AIM OF THE TASK →
Print the lines from the one containing "Un ciclista ha" through the end of the material below, both included, exactly as they appear and without pictures.
DATASET EXCERPT START
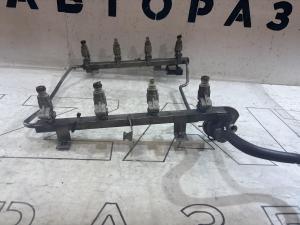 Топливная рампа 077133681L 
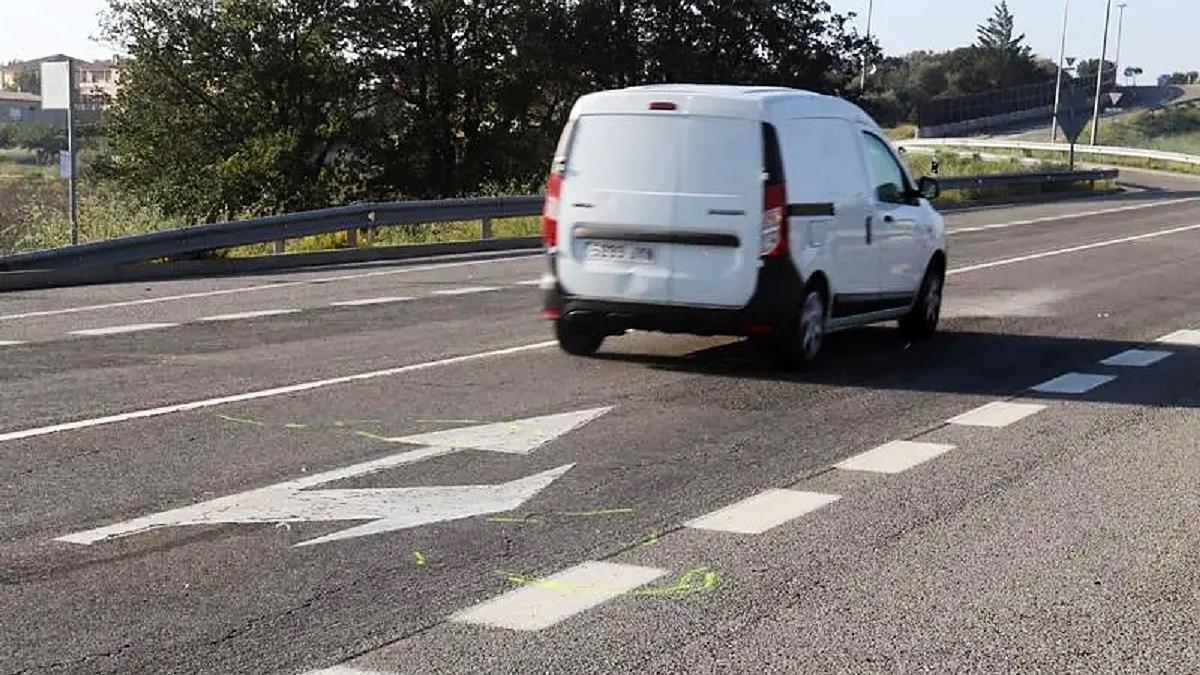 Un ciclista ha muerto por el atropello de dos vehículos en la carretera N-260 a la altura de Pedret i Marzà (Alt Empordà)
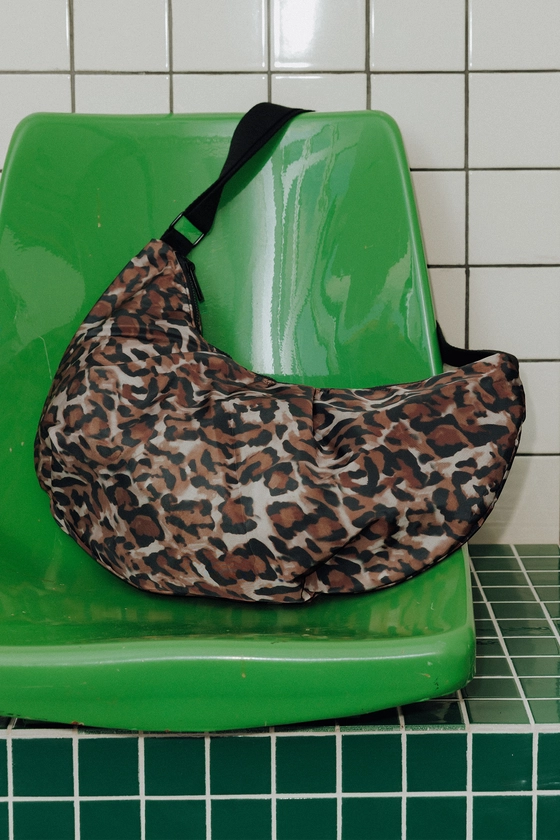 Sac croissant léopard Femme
DATASET EXCERPT END
EXERCISE SOLUTION →
 Un ciclista ha muerto por el atropello de dos vehículos en la carretera N-260 a la altura de Pedret i Marzà (Alt Empordà)
 Sac croissant léopard Femme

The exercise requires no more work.